WHAT IS BEING ASKED -> A verbatim transcript of the lines below, starting at the first and ending with the one that holds "Sexy Mesh Velvet", is what should be produced.

====================

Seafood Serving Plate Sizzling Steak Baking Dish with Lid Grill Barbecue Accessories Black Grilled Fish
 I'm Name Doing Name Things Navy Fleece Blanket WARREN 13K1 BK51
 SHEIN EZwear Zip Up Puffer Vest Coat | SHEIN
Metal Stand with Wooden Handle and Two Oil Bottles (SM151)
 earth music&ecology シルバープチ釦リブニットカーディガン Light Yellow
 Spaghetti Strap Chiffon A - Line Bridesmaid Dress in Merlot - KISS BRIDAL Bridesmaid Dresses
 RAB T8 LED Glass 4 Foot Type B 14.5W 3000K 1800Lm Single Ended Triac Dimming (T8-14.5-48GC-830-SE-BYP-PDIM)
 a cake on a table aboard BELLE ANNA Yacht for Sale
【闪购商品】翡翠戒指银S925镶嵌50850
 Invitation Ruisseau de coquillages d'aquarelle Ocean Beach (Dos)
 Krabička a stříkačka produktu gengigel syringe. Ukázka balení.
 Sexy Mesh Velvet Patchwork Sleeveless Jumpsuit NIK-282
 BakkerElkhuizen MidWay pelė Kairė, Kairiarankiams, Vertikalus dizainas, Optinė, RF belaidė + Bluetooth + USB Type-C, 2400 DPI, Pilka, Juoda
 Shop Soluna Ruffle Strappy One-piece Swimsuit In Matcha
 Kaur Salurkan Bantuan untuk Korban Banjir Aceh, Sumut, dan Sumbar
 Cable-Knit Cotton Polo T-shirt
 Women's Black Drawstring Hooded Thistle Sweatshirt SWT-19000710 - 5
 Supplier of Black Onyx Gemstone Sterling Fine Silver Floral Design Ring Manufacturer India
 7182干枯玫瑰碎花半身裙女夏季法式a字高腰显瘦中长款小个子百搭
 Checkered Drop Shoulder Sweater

====================

RESPONSE ->
Seafood Serving Plate Sizzling Steak Baking Dish with Lid Grill Barbecue Accessories Black Grilled Fish
 I'm Name Doing Name Things Navy Fleece Blanket WARREN 13K1 BK51
 SHEIN EZwear Zip Up Puffer Vest Coat | SHEIN
Metal Stand with Wooden Handle and Two Oil Bottles (SM151)
 earth music&ecology シルバープチ釦リブニットカーディガン Light Yellow
 Spaghetti Strap Chiffon A - Line Bridesmaid Dress in Merlot - KISS BRIDAL Bridesmaid Dresses
 RAB T8 LED Glass 4 Foot Type B 14.5W 3000K 1800Lm Single Ended Triac Dimming (T8-14.5-48GC-830-SE-BYP-PDIM)
 a cake on a table aboard BELLE ANNA Yacht for Sale
【闪购商品】翡翠戒指银S925镶嵌50850
 Invitation Ruisseau de coquillages d'aquarelle Ocean Beach (Dos)
 Krabička a stříkačka produktu gengigel syringe. Ukázka balení.
 Sexy Mesh Velvet Patchwork Sleeveless Jumpsuit NIK-282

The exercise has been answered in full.